_Information supplied_
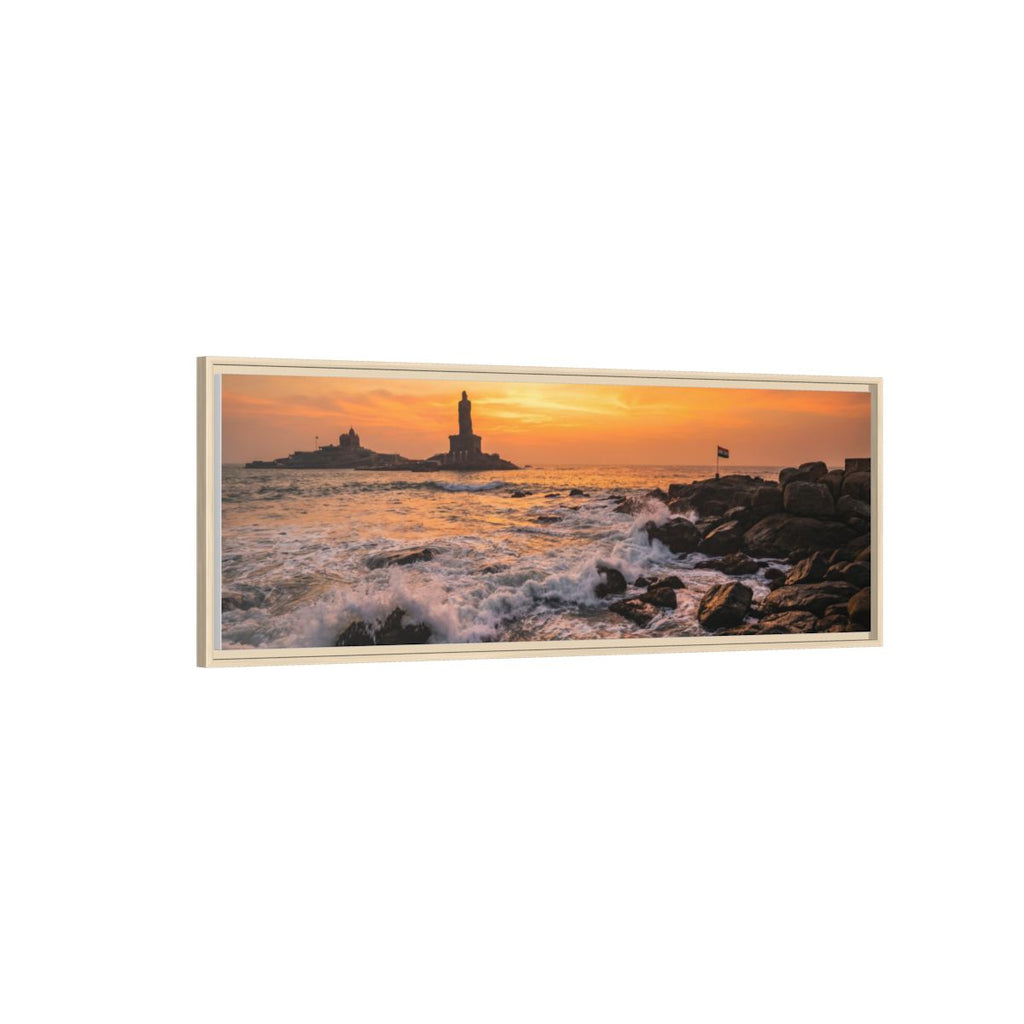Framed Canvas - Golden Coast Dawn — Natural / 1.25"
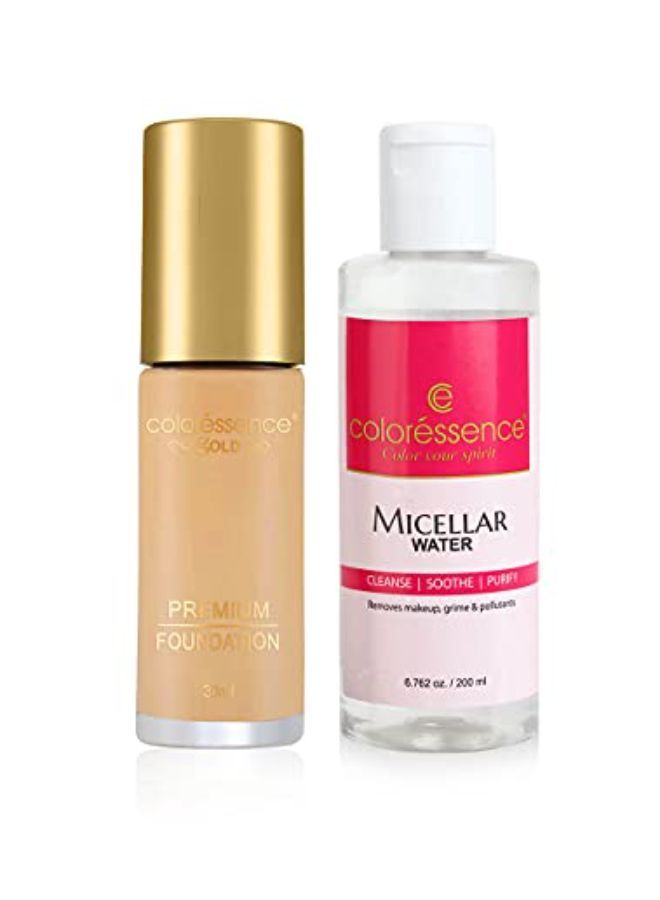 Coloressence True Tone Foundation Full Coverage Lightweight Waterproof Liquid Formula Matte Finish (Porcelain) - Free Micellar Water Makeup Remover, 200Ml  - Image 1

* * *

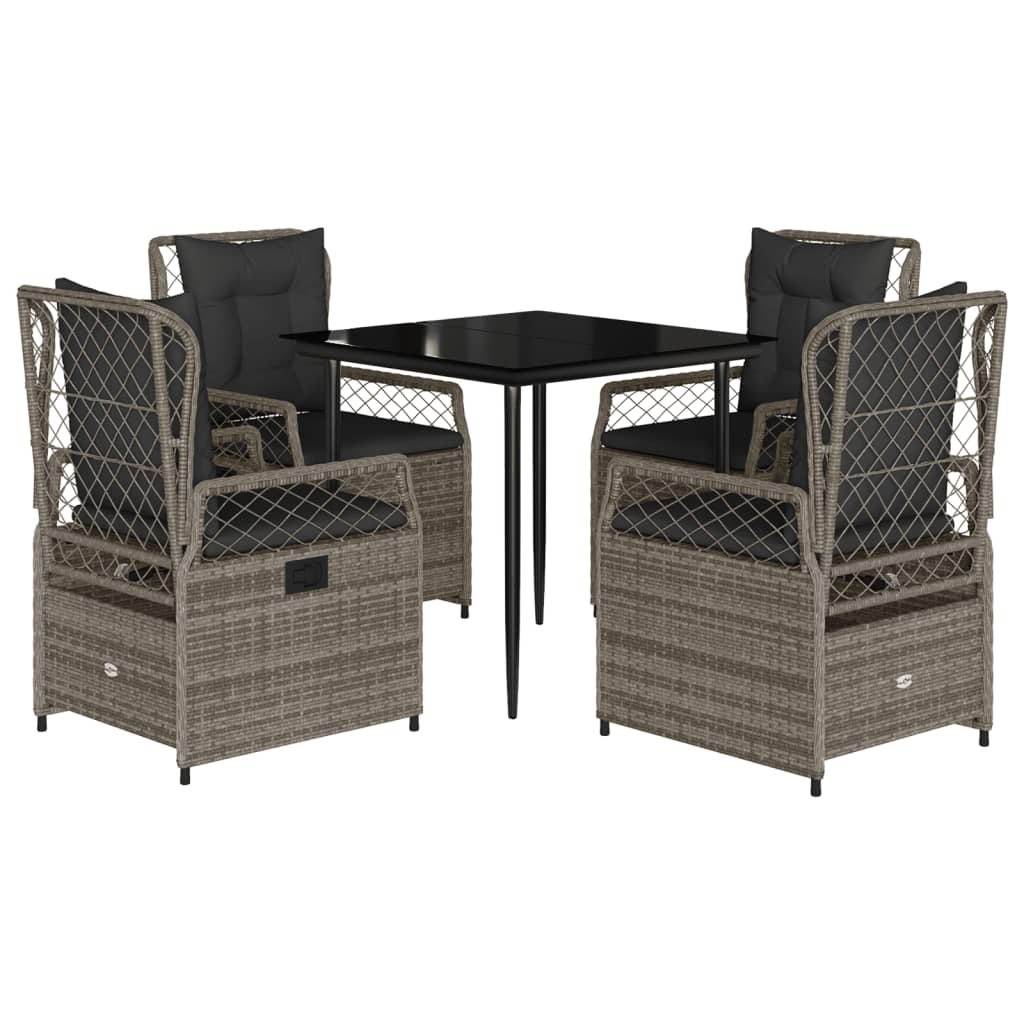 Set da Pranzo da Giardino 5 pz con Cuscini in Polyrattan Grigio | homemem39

_Exercise details_
Copy nothing but the lines above from the one with "Framed Canvas - Golden" to the one with "Coloressence True Tone", inclusive, word for word. Leave every picture out.

_Task answer_
Framed Canvas - Golden Coast Dawn — Natural / 1.25"
 Coloressence True Tone Foundation Full Coverage Lightweight Waterproof Liquid Formula Matte Finish (Porcelain) - Free Micellar Water Makeup Remover, 200Ml  - Image 1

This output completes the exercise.